1652 Alexandre Voboam l’aîné

1652 Alexandre Voboam

Paris, France

The closing years of the sixteenth century bore witness to a decline in popularity of the four-course Renaissance guitar ushering in a period which saw the guitar fall out of fashion. Cyclical highs and lows have defined the instrument’s long history, driven by the vagaries of ever-changing musical tastes. The second quarter of the seventeenth century, however, witnessed the guitar’s revival – this time returning as a five-course instrument at the dawn of the Baroque.

Specifications
Date 1652
Location Paris, France
Length of Guitar 953mm
String Length 705mm
Upper Bout Width 215mm
Waist Width 191mm
Lower Bout Width 257mm
Side Depth at Waist 88mm
Soundboard: Spruce | Back: Five cedar panels separated by four ivory strips | Sides: Cedar | Details: Bridge is unoriginal.

Maker Biography

Performance Video

The guitar’s resurgence is best explained in the writings of a French magistrate Pierre Trichet, who in 1641 described the guitar craze sweeping France and the rest of Europe. Trichet attributed much of the guitar’s popularity to the relative ease of playing the instrument as compared to the cumbersome Baroque lute, a sentiment that may have been commonplace. In 1647, Sir Ralph Verney, an English nobleman who had fled to France during the turmoil of the English Civil War, wrote to his wife Mary suggesting that their son’s tutor should “teach him the gittar and to sing to it, for the Lute is soe tedious a thing that I doubt (unlesse hee made it his whole businesse) hee would never play well.”  

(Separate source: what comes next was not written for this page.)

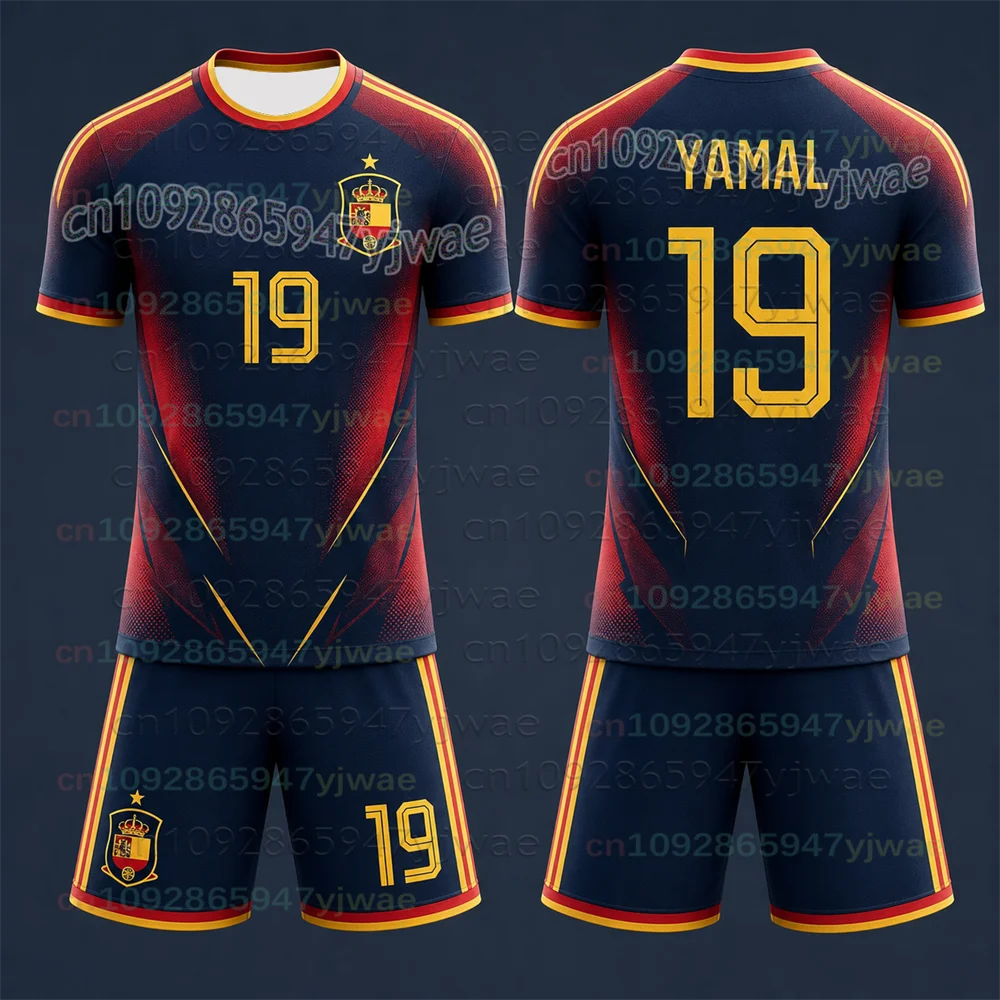 Yamal Children's Quick Drying Sports Kit Spain Team Jersey Number 19 Boys' Sports Kit New Product For 2026 Men And Women's Sets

The five-course guitar’s continued rise in popularity was no doubt helped by the celebrated career of the Italian guitar virtuoso/composer, Francesco Corbetta (c. 1615–1681), whose performances for the aristocracy throughout Europe were heralded with much acclaim. Corbetta eventually joined Charles II at the Restoration Court in London in the early 1660s where for many years he held a position performing, composing, and tutoring. His pupils included Princess Anne Stuart, the future Queen Anne of Great Britain.

While several exceptional guitars have survived from the seventeenth century, it is the instruments built by the Sellas family of Venice, the Voboam family of Paris, Joachim Tielke of Hamburg, and the legendary Antonio Stradivari of Cremona that are recognized as the finest examples of Baroque and Rococo guitar lutherie.

The Voboam family settled in Paris at the turn of the seventeenth century, likely immigrating from the Netherlands. The dynasty began with René Voboam, who appears to have been active beginning in or around 1630, and ended three generations later with René’s great grandson, Jean-Jacques Voboam.

Fewer than 30 guitars signed by Voboam family members are known to have survived, four of them by Alexandre Voboam the elder (presumably René’s younger brother). Three guitars by Alexandre I carry the date of 1652, including the Alexandre Voboam in the Austin-Marie Collection.

The French musicologist Florence Gétreau has described and categorized three basic models of guitar built by Voboam family luthiers: common, classic, and decorative. Of the three Alexandre Voboam guitars from 1652, two are what she refers to as “common” in that they have a relatively plain design. The third guitar (the Voboam in this collection) represents what she refers to as Alexandre’s “classical” style: a five-course guitar with a flat back made of five cedar panels separated by four strips of ivory, adorned with a diagonal inlay pattern of ebony and ivory bordering the perimeter of the body and continuing up the neck to the nut. The inlay pattern is repeated on the headstock. The ribs are made of three strips of African blackwood separated by two ivory bands. The top is made of spruce and the bridge (unoriginal) is adorned with an ornate mustache appliqué of ebony. There is an ivory plaque affixed to the head that reads: Alexandre voboam a paris 1652.

A third category of guitars that Gétreau refers to as “decorative” were likely special orders built for wealthy clients and royalty. These instruments were heavily embellished, often making ample use of red-stained tortoiseshell, ivory, and ebony in florid designs.

Most Voboam guitars sit behind glass in museum cases scattered across the globe. Very few remain in private hands, adding to the rarity of the instrument in this collection.